Ce constant fait un heureux ou une heureuse, l'Afrique qui décolle à une vitesse impressionnante. L'Afrique colonisée jadis, l'Afrique oubliée, terre des problèmes d'hier est devenue l'Afrique des progrès, de la croissance à deux chiffres au moment où un pays comme la France, même l'Allemagne pleure pour atteindre une croissance de son Produit intérieur brut de 1 %. L'Afrique insolente, arrogante par sa croissance quand son économie attire les jeunes diplômés européens. Les jeunes ingénieurs portugais se bousculent dans les halls des aéroports de Maputo, de Luanda, Malabo pour chercher du travail. Le nouveau Eldorado est l'Afrique. Tout est à reconstruire, il y a la vie, la force, la volonté de progresser, de se surpasser. Ceux qui affichent cette volonté avec franchise s'en sortent. il n' y a aucune fatalité. Les pays comme le Bostwana, le Ghana, le Mozambique, le Rwanda etc... n'ont rien à envier des autres économies.
Et le Burundi?
Au moment où les autres pays avancent, au moment où d'autres pays africains mettent en place des politiques 20-20, des 3 N, des millénium challenge, etc...., le Burundi met en place une politique pour reculer pour mieux chuter. Ce petit pays de 28 634 km 2 a des ressources. Il a un peuple travailleur. Il lui faut une bonne direction et il fait décoller le Burundi. La direction de ce pays pense aux trois poches du pantalon pour les remplir au moment où le peuple agonise de faim. La corruption est le mot d'ordre. L'administration qui était en retard a pris de la vitesse. C'est une véritable compétition. Aucun développement n'est possible sans lutter contre la corruption. Le Président tchadien a dû mettre en prison des proches pour que le Tchad comprenne que la lutte contre la corruption a commencé afin de démarrer les programmes de développement. Au Niger, le Président Issoufou a mis en prison deux ministres et plusieurs députés corrompus pour bien asseoir son plan de développement économique et social de 3, 8 milliards d'euros.

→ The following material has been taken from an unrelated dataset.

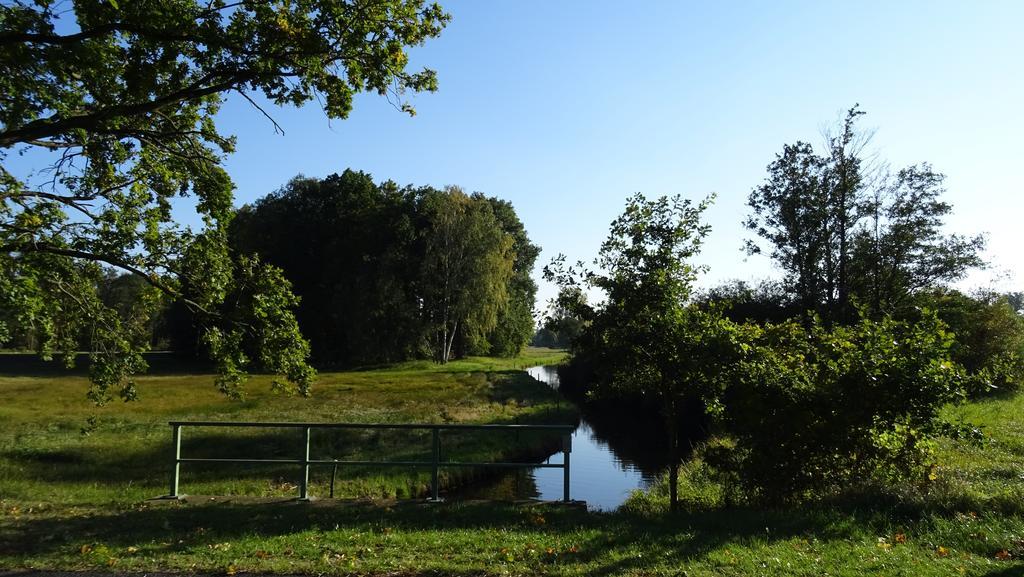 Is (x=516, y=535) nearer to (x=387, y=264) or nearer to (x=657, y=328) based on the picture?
(x=657, y=328)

La richesse du Burundi est minière. L'or appartient aux généraux ex FDD, le nickel est acheté tour à tour par des sociétés qui ne l'exploiteront jamais. Il nécessite 200 MW pour l'exploiter. Tout le Burundi a moins de 40 MW. Le pétrole pointe les barils au fond du lac Tanganyika. Le plus rapide aura ce pétrole. Le lac Tanganyika est partagé avec la RD Congo, du moins sur sa partie du Nord. Je ne sais pas si celui qui l'exploitera sera dans les hauteurs de Buhonga ou Jenda ou de Fizi ou Mulembe. Toujours est-il que ce pétrole frontalier sera source de conflit.
L'autre richesse du Burundi est sa jeunesse. Une jeunesse désabusée avec ces milices du pouvoir, une jeunesse déshonorée, poussée à l'inactivité avec le chômage, une jeunesse sans visionnaire, sans avenir. Elle devait être créative, inventive. Il lui manque un cadre pour s'épanouir. L'insécurité alimentaire s'est ajoutée à l'insécurité physique.
L'agriculteur est la vache laitière. Il produit le café, le thé, le coton pour que les nantis du pouvoir s'enrichissent. L'extrême pauvreté des paysans est une honte face aux milliards consacrés théoriquement à l'agriculture. Ce même paysan qui est sollicité pour voter, donner carte blanche à une fausse élite égoïste, maladroite et brutale. Ce paysan manque de semences sélectionnées, de nouvelles méthodes agricoles. Il est invité à admirer celui qui est devenu agriculteur par l'argent de l'Etat, j'ai nommé le Président de la République. Il a pris des terres appartenant à la collectivité, les tracteurs, dons de la Libye, travaillent dans ses champs. Bref, le progrès agricole qui se trompe de chemin.
L'économie burundaise est agonisante. Ne parlons pas du marché brûlé sur ordre pour laisser place neuve aux spéculateurs. La monnaie ne fait que dégringoler. Le coût de la vie fait des catastrophes dans les ménages. Les repas ne sont pas garantis. Les salaires augmentent pour les nantis du pouvoir et le petit peuple croule dans la misère.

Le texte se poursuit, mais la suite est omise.